Medvedev accuses Ukraine of mutiny
Russia has questioned the authority of Ukraine's acting government, with prime minister Dmitry Medvedev saying the country's acting authorities have come to power as a result of an 'armed mutiny'.
Ukraine's acting government has issued an arrest warrant for president Viktor Yanukovych, accusing him of mass crimes against the protesters who stood up for months against his rule.
Yanukovych himself has reportedly fled to the Black Sea peninsula of Crimea, a pro-Russian area in Ukraine.
Calls are mounting in Ukraine to put Yanukovych on trial, after a tumultuous presidency in which he amassed powers, enriched his allies and family and cracked down on protesters. Anger boiled over last week after government snipers killed scores of protesters in the bloodiest violence in Ukraine's post-Soviet history.

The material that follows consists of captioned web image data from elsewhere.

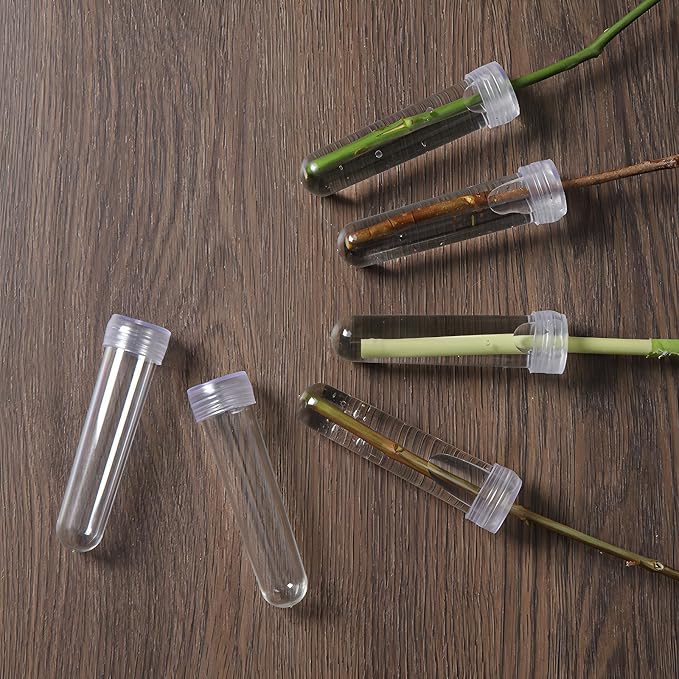 20Pcs Flower Water Tubes, 4cm Long Plastic Floral Hydration Vials with Caps, Clear Water Storage for Fresh Flower Preservation, Cut Flower Hydration for Bouquets Arrangements DIY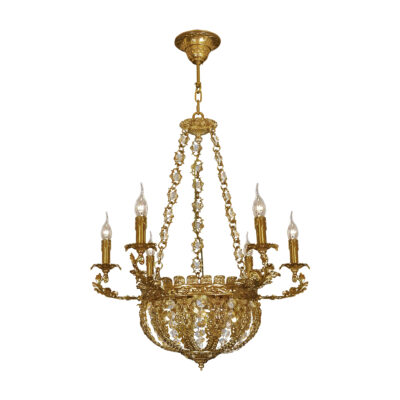 Céline Elegance 9-Light Chandelier in Brass and Crystal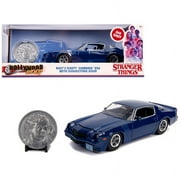 Billy\s Chevrolet Camaro Z28 Dark Blue with Collectible Coin Stranger Things 2016 TV Series 1/24 Diecast Model Car by Jada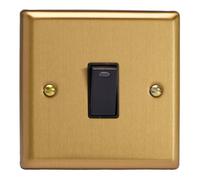 Varilight Single 20A Double Pole Switch With Neon - Classic Brushed Brass With Black Rocker, Xb20Nb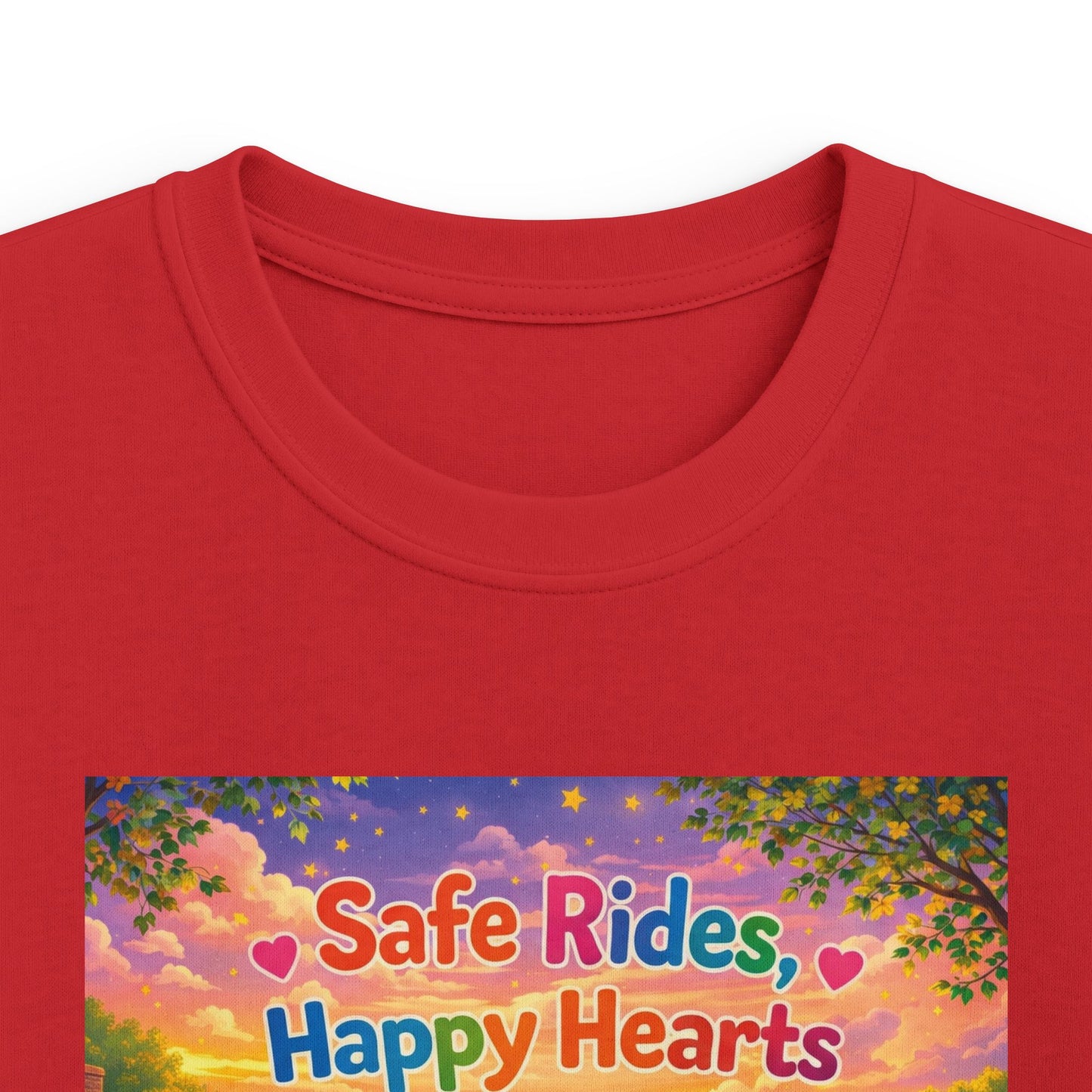 Lani™ Kids Softstyle Tee – "Safe Rides, Happy Hearts" Graphic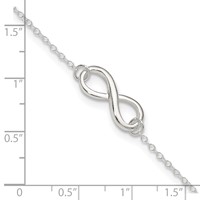 Sterling Silver Infinity Plus 1 Inch Extender - Total 10 Inch Anklet - 9in view 4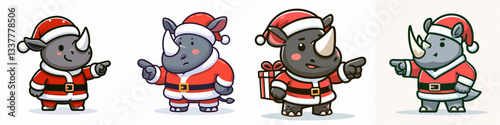 Rhino wear Santa Claus costumes pointing forward a minimalist vector graphic depicting festive pachyderms.
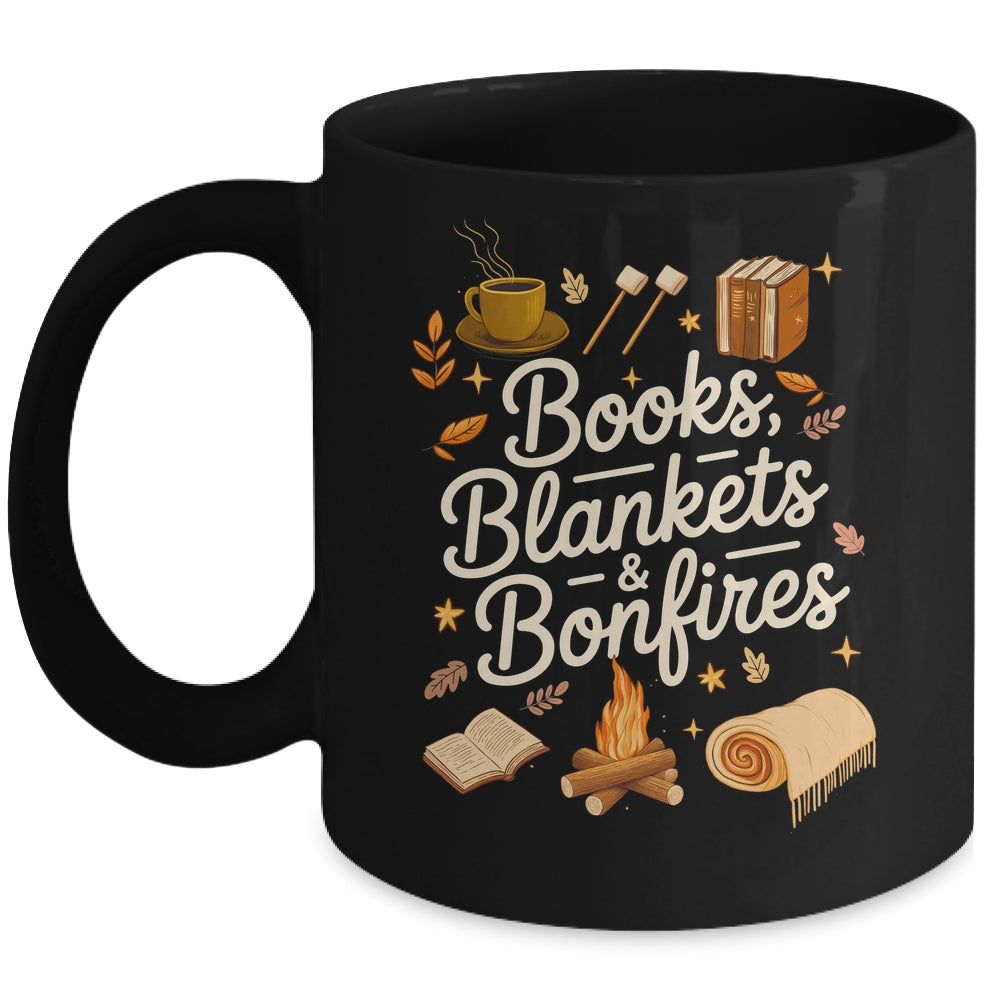 Books Blankets And Bonfires Cozy Fall Autumn Book Lover Mug | teecentury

Ukraine's parliament speaker is now nominally in charge of a country whose ailing economy is on the brink of default and whose loyalties are sharply torn between Europe and long-time ruler Russia.
Russia and the European Union appear to be taking opposing sides in Ukraine's new political landscape.
Medvedev has questioned the legitimacy of the new Ukrainian authorities. He said the acting authorities have come to power as a result of an "armed mutiny", so their legitimacy is causing "big doubts".
In Brussels, European Commission spokesman Olivier Bailly referred to parliament speaker Oleksandr Turchinov as the "interim president" and said Turchinov will meet with visiting EU foreign policy chief Catherine Ashton in Kiev.
Turchinov said he hopes to form a new coalition government by Tuesday.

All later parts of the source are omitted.